It has become essential to get directors And Officers liability insurance in India in today’s times. Looking at the nature of establishments and a globally uncertain economic condition, organizations cannot always be safe from lawsuits. Although the most common types of general insurance policies seen in India are health, automobile, and life, this is right up there for senior management. 

The Procedure to Obtain D&O Liability Insurance

In actual life, D&O insurance is bought through a relatively straightforward procedure. It begins when managers fail to fulfil their responsibilities. Typical risk situations are likely to be regulatory infractions, inaccurate disclosures, reporting errors, and insolvencies. To get the claim, a description of the error is forwarded to the broker/insurer after the senior officers and directors get to know about the problem.

What if the Case is Lost?

If the D&O insurance company loses the case, then all financial and defense costs are reimbursed. However, the final claim is determined by the fine print within the specific policy. Losing the case means that the claim has been rejected. This decision should become an eye-opener for businesses having D&O policies to not rely solely on the policy for rescue each time. Instead, diligence done ahead of time will be helpful and will ensure D&O claims are rejected as little as possible. 

It is also important to remember that the best insurance companies have highly experienced agents who know their fields well. As an essential precaution, businesses must be mindful of what information is being shared.

Who All Can Claim D&O?

D&O liability insurance is highly beneficial for the following entities:

  1.  Customers– These days, marketing campaigns know no limitations, and there’s always the possibility of falling to new lows while pushing a product. If other agencies, such as non-governmental organizations (NGOs) or even customers, condemn corporations, the director may face difficulties. As a result, protection from unfair business practices and deceptive advertising is in high demand.
  1.  Shareholders– If the conduct of one or more members of the Company Board of Directors results in a drop in share prices and significant shareholder losses, D&O can prevent the occurrence of a lawsuit against the Company and its directors.
  1.  Regulatory Authorities– If a company fails to pay its taxes, a regulatory authority may hold its directors liable. The director will be secure if no information has been forcefully withheld or illegal actions have been undertaken.
  1.  Employees– directors and Officers liability insurance is also applicable when employees sue their employers for difficult situations like discrimination, wrongful termination, and sexual harassment.

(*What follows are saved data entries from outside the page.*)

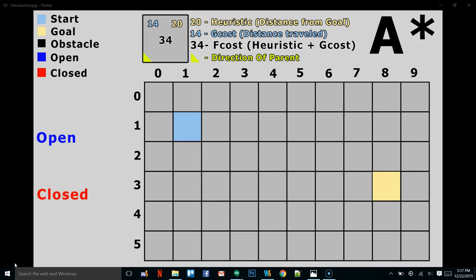Hey everybody, this is video 22. In this video I'm going to try to explain the A* pathfinding algorithm to the best of my abilities. I created these slides pretty late last night, so don't mind the math — the general concept should be here and what I'm going to tell you is true, just the actual math I can't fully vouch for.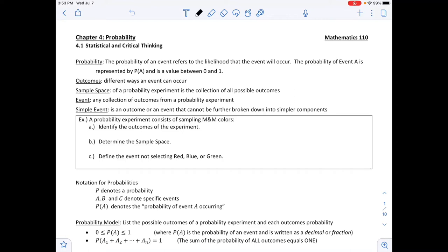This is Chapter 4, Probability. Section 4.1 is Statistical and Critical Thinking. We start off with a few new vocabulary words that we should know.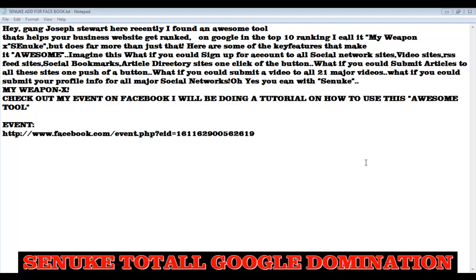Joseph Stewart here of IndieBeatHDTV. Recently I found an awesome tool that helps your business website get ranked on Google. Top rankings, I call it my weapon. But it does far more than just that. Here's the key features that make it awesome.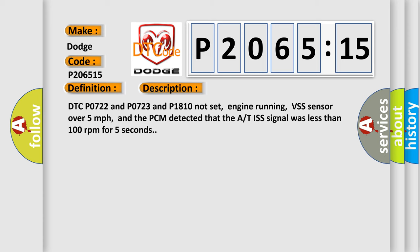DTC P0722, P0723, and P1810 not set, engine running, VSS sensor over 5 miles per hour. And the PCM detected that the A/T ISS signal was less than 100 revolutions per minute for 5 seconds.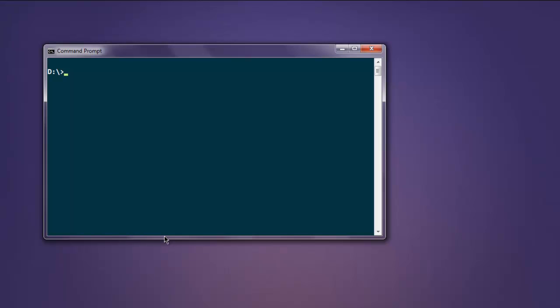Hi there, so in this video I'm going to show you how to create PDF files with the help of ReportLab Python library. First thing we have to do is install the ReportLab library by typing in pip install reportlab. Once you have ReportLab installed, the next step is to write the code and generate that PDF file.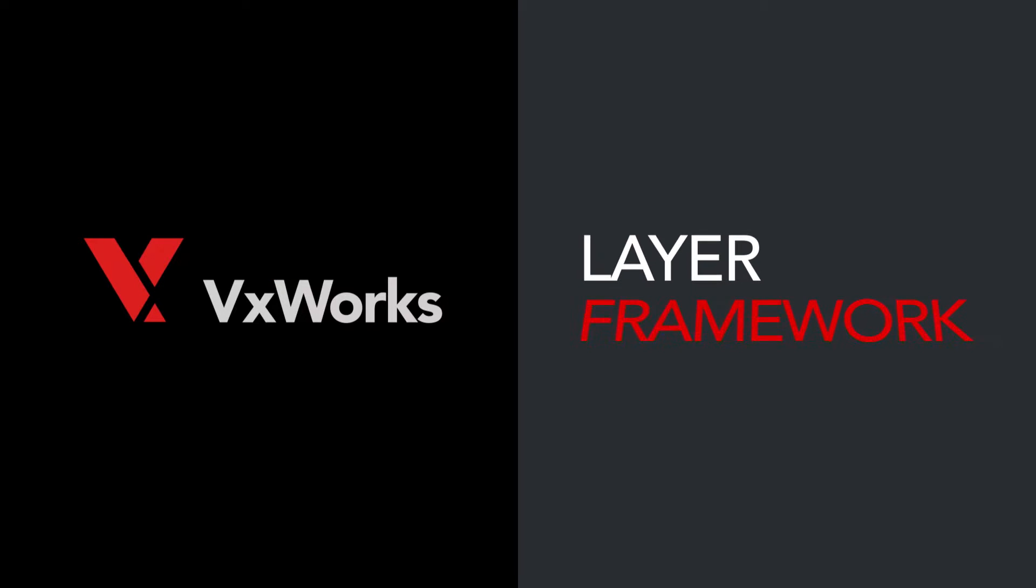This video is a demonstration of how to update your VxWorks 7 platform.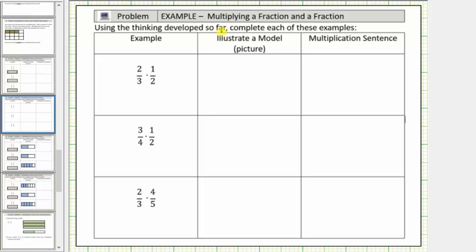In this lesson, we will model the product of two fractions using fraction bars. Looking at the table, in the first column we have the product, in the second column we'll sketch a model, and in the third column we'll write the multiplication sentence or multiplication equation.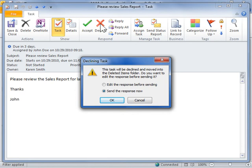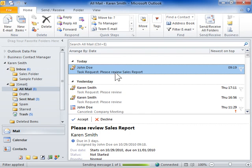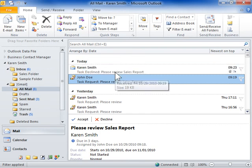Select the Edit the response before sending radio button to customize the response message. Otherwise, select the Send the response now radio button. Click OK. This is the process to decline a task request.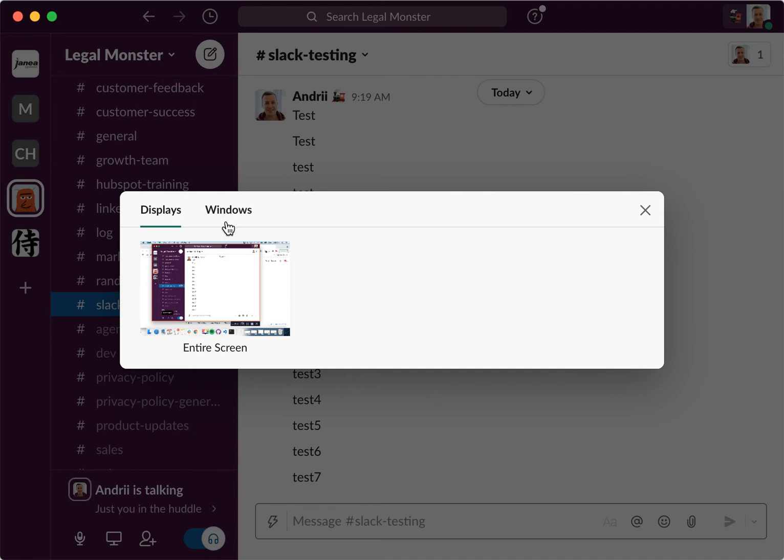One more thing, to have this feature enabled, you need to allow access to Slack to share your screen or to be able to record your screen. You can do that in system preferences on Mac, and when you first enable huddles you will be asked if you have that enabled.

Apart from the above, it also acts as a cover in the following crises:

  1.  Regulatory Crisis Response Coverage: It is common to see several regulatory claims where the Directors and Officers are being investigated. The senior officer or director must get a lawyer to prevent any untoward happenings. Getting an auditor or certified account would also help put forward the case. Fees charged by these professionals are as per Regulatory Crisis response coverage norms.
  1.  Lifetime Coverage for Retired directors– This is useful for both resigned and retired directors, safeguarding them against actions carried out when they were employed.  

More Insurance Covers

Insurance companies can add a couple of more covers to the existing D&O policy for a company. The following covers are available as insurance extensions:

  • Tax Liability Extension– This is in place to cover tax liabilities of individual directors and senior officers, but it does not cover liabilities of the company. Therefore, any unpaid dues from creditors because of financial constraints cannot be covered.
  • Entity EPLI Cover-This differs from the above in one way- it covers tax liabilities of the company, thereby securing it against legal action. 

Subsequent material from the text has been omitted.